- [Task details] What is needed is an exact repetition of the lines below, from the first one through the one holding "Gambler,Man,Hands,Pushing,Large,Stack,Of,Colored,Poker,Chips", with no pictures and nothing else.

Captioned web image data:
*** Begin section ***

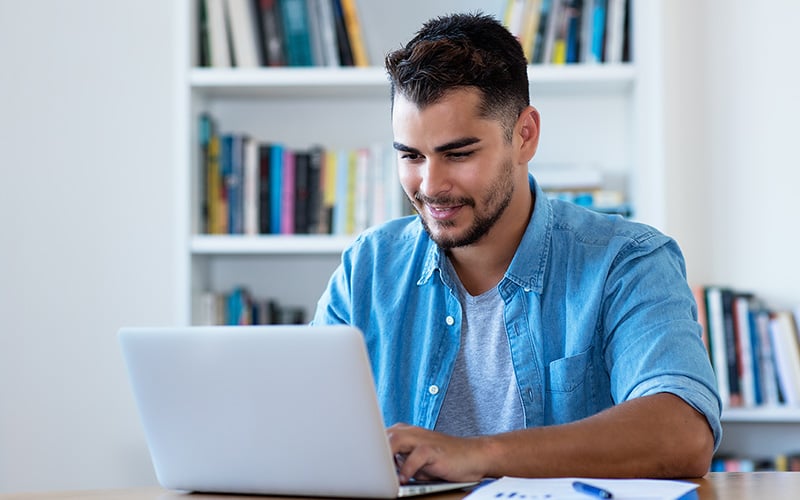 Man working on his laptop from home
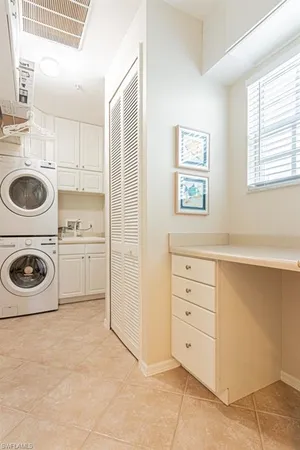 a view of cabinets and window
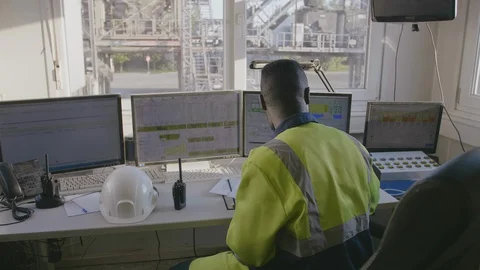 African engineer leaving control room Stock Footage 114349051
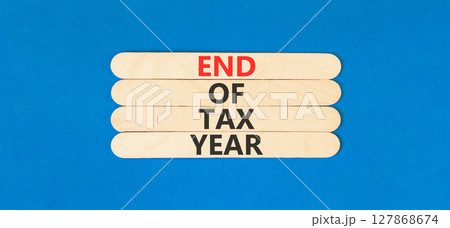 End of tax year symbol. Concept words phrase End of tax year on beautiful wooden stick. Beautiful blue paper background. Business End of tax year concept. Copy space. End of tax year symbol. Concept words phrase End of tax year on beautiful wooden stick. Beautiful blue paper background. Business End of tax year concept. Copy space. 127868674
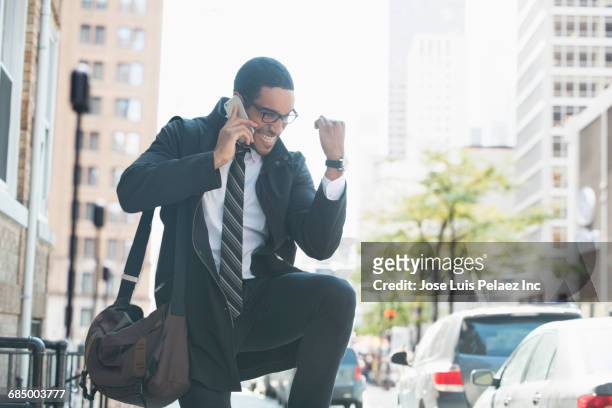 businessman talking on cell phone in city and celebrating - punching the air stock pictures, royalty-free photos & images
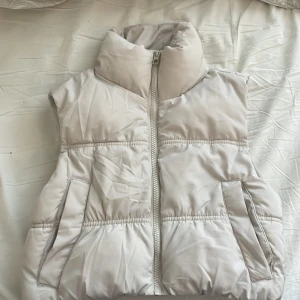 Vit dunväst från H&M Divided XXS - Säljer en fluffig och stilren vit dunväst från H&M Divided i storlek XXS. Västen har hög krage, två fickor framtill och stängs med dragkedja. Perfekt att slänga över en hoodie för en cool lager-på-lager-look.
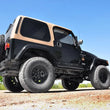 Load image into Gallery viewer, Rough Country 4 Inch Lift Kit | Jeep Wrangler TJ (03-06)/Wrangler Unlimited (04-06) 90730 - Installation View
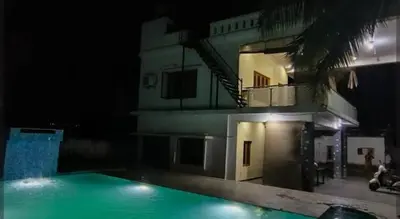 a swimming pool in front of a building at night at Blue Moon Homestay in Mysore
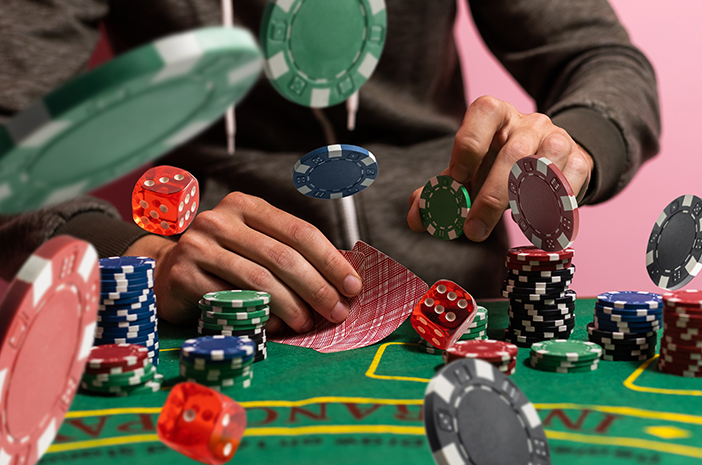 Gambler,Man,Hands,Pushing,Large,Stack,Of,Colored,Poker,Chips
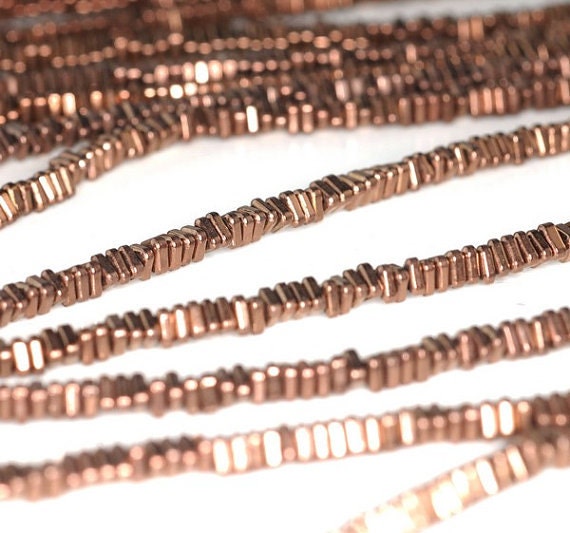 3x1mm Bronze Hematite Gemstone Heishi Triangle Slice 3x1mm Loose Beads 16 Inch Full Strand Lot 1,2,6,12 And 50 (90185575-837) 3x1mm Bronze Hematite Gemstone Heishi Triangle Slice 3x1mm Loose Beads 16 Inch Full Strand Lot 1,2,6,12 And 50 (90185575-837)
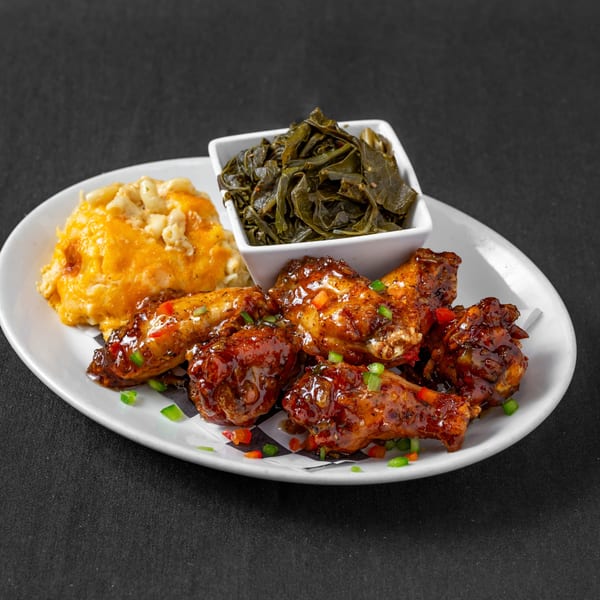 Next Phaze Cafe's soul food plate with BBQ wings, mac and cheese, and collard greens.
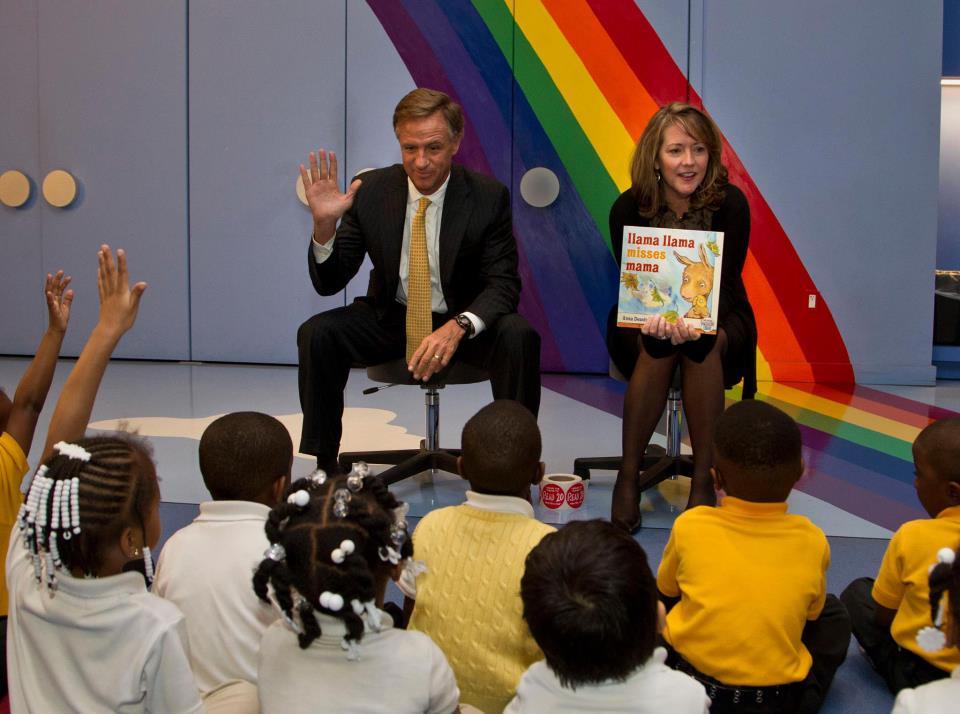 Bill and Crissy Haslam reading a story book to children.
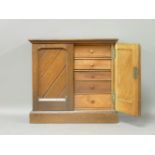 A late Victorian oak miniature collector's cabinet, the two panelled doors enclosing six drawers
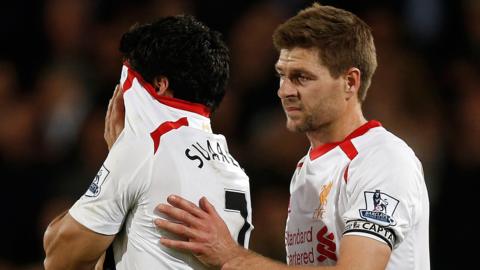 Liverpool captain Steven Gerrard consoles team-mate Luis Suarez who is reduced to tears after his team draw 3-3 with Crystal Palace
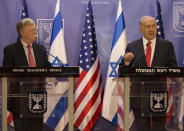 Israeli Prime Minister Benjamin Netanyahu, right, U.S. National Security Advisor John Bolton give statements to media in Jerusalem, Sunday, June 23, 2019. (AP Photo/Tsafrir Abayov, Pool)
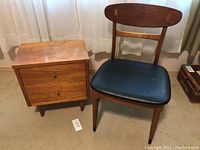 Frontal view of chair and side table together showing overall size and condition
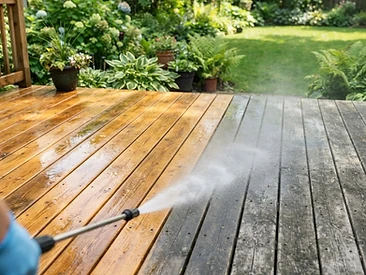 A wooden deck half washed clean and half still weathered grey.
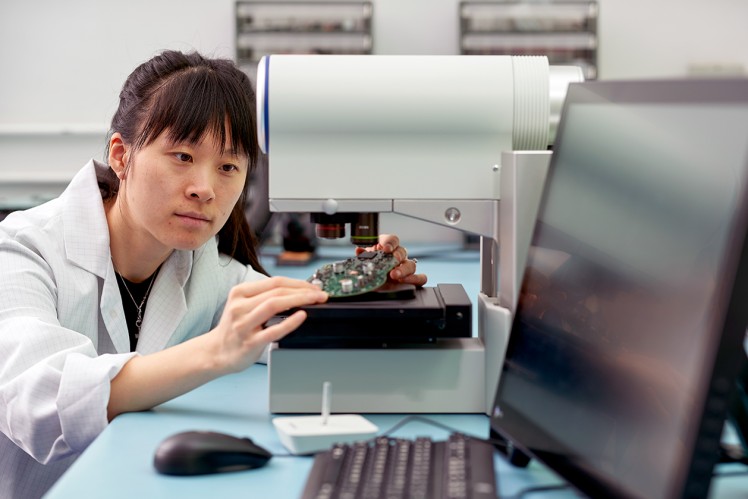 Engineer placing sample on microscope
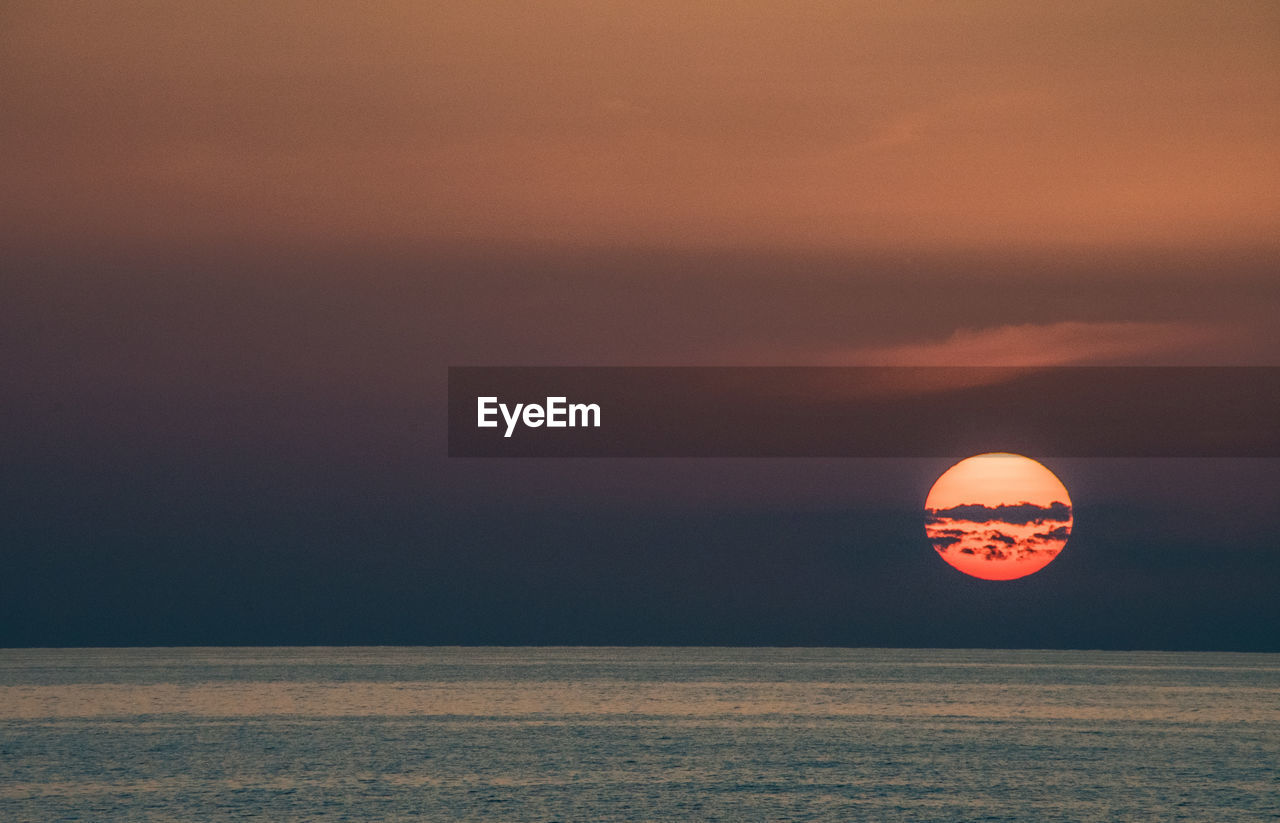 Scenic view of sea against orange sky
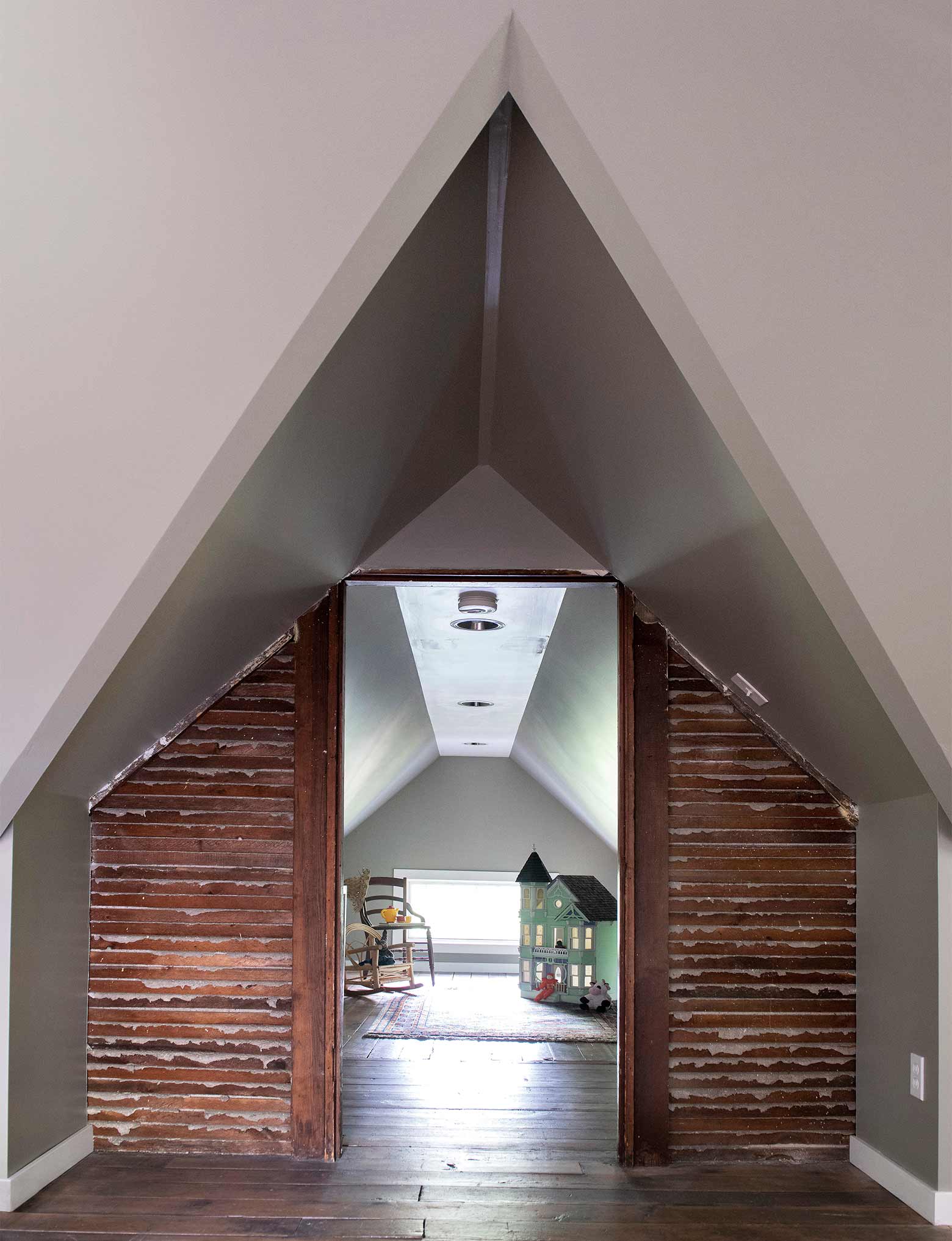 Victorian home renovation in Des Moines by Silent Rivers, attic with exposed lathe wall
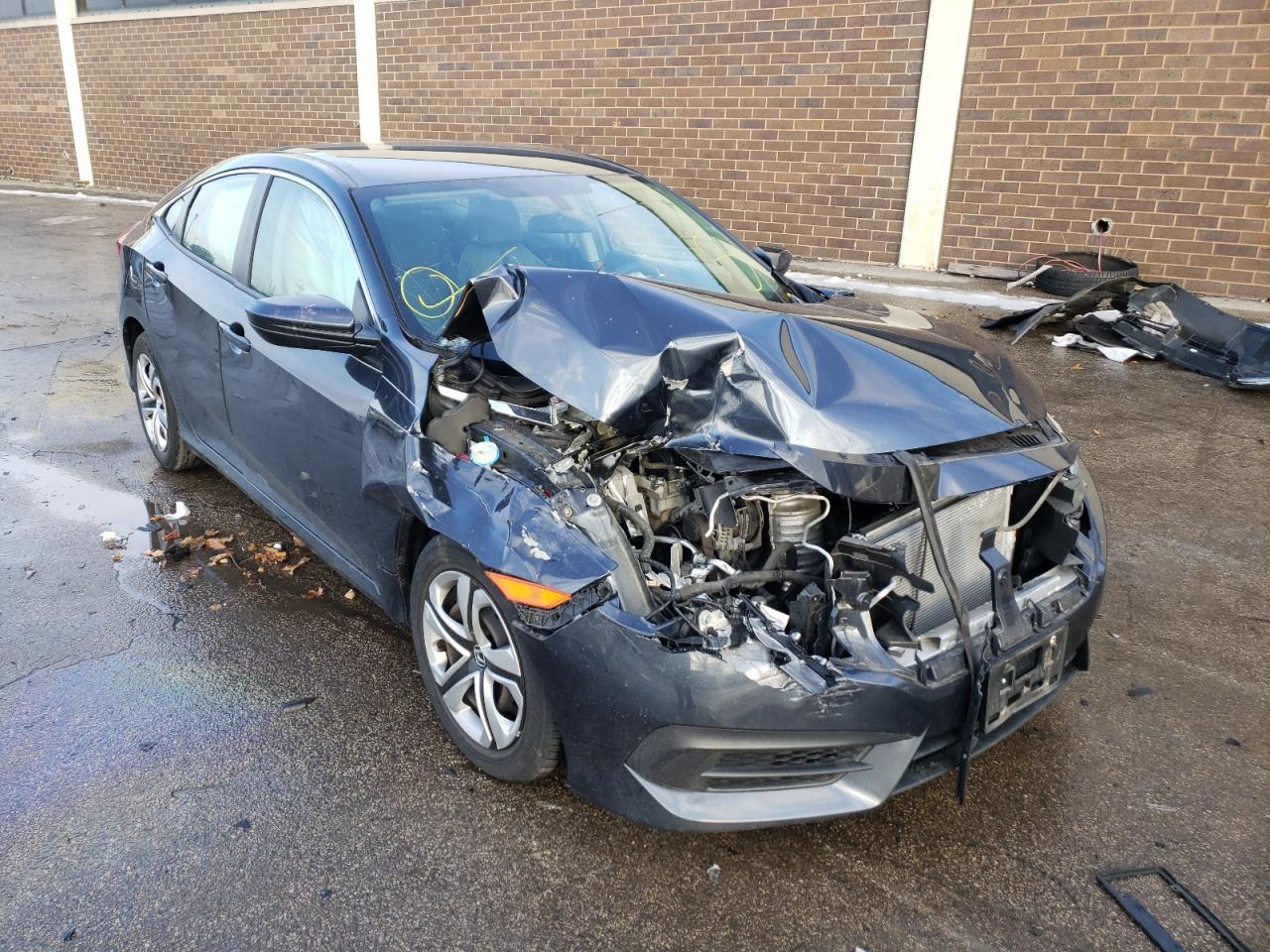 HONDA CIVIC LX 2017 with VIN 19XFC2F57HE211750 - Photo from auction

*** End section ***

- [Response box]
 Man working on his laptop from home
 a view of cabinets and window
 African engineer leaving control room Stock Footage 114349051
 End of tax year symbol. Concept words phrase End of tax year on beautiful wooden stick. Beautiful blue paper background. Business End of tax year concept. Copy space. End of tax year symbol. Concept words phrase End of tax year on beautiful wooden stick. Beautiful blue paper background. Business End of tax year concept. Copy space. 127868674
 businessman talking on cell phone in city and celebrating - punching the air stock pictures, royalty-free photos & images
 Vit dunväst från H&M Divided XXS - Säljer en fluffig och stilren vit dunväst från H&M Divided i storlek XXS. Västen har hög krage, två fickor framtill och stängs med dragkedja. Perfekt att slänga över en hoodie för en cool lager-på-lager-look.
 Load image into Gallery viewer, Rough Country 4 Inch Lift Kit | Jeep Wrangler TJ (03-06)/Wrangler Unlimited (04-06) 90730 - Installation View
 a swimming pool in front of a building at night at Blue Moon Homestay in Mysore
 Gambler,Man,Hands,Pushing,Large,Stack,Of,Colored,Poker,Chips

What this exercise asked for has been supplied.